**Task to carry out:** Only one stretch of the records below should be repeated. It starts with the line containing "Red Rooster in" and goes on through the line containing "green label relaxing（グリーンレーベルリラクシング）の「ダブルジップ", exactly as written.

Records drawn from a dataset
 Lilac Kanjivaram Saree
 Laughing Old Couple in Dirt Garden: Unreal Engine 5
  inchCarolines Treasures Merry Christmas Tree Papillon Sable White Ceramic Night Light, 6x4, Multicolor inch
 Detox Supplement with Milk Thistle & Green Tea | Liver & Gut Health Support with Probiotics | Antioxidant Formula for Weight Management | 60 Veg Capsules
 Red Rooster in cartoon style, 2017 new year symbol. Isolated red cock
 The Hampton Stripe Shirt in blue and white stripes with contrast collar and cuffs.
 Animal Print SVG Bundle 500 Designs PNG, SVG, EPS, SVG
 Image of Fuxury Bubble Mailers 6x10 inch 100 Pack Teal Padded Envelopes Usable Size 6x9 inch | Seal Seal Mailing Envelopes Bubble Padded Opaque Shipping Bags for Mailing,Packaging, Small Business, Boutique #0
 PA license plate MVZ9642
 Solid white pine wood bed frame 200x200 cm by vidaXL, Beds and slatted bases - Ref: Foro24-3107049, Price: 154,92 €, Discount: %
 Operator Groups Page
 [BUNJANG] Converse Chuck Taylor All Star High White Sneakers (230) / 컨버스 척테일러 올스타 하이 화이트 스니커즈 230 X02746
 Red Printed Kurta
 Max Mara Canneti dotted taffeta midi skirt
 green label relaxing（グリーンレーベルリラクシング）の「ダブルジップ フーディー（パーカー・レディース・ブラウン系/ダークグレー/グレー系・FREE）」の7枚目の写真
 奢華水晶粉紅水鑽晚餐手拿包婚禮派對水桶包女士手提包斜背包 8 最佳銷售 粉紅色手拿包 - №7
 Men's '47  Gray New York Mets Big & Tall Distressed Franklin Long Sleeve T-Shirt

**Worked solution:**
 Red Rooster in cartoon style, 2017 new year symbol. Isolated red cock
 The Hampton Stripe Shirt in blue and white stripes with contrast collar and cuffs.
 Animal Print SVG Bundle 500 Designs PNG, SVG, EPS, SVG
 Image of Fuxury Bubble Mailers 6x10 inch 100 Pack Teal Padded Envelopes Usable Size 6x9 inch | Seal Seal Mailing Envelopes Bubble Padded Opaque Shipping Bags for Mailing,Packaging, Small Business, Boutique #0
 PA license plate MVZ9642
 Solid white pine wood bed frame 200x200 cm by vidaXL, Beds and slatted bases - Ref: Foro24-3107049, Price: 154,92 €, Discount: %
 Operator Groups Page
 [BUNJANG] Converse Chuck Taylor All Star High White Sneakers (230) / 컨버스 척테일러 올스타 하이 화이트 스니커즈 230 X02746
 Red Printed Kurta
 Max Mara Canneti dotted taffeta midi skirt
 green label relaxing（グリーンレーベルリラクシング）の「ダブルジップ フーディー（パーカー・レディース・ブラウン系/ダークグレー/グレー系・FREE）」の7枚目の写真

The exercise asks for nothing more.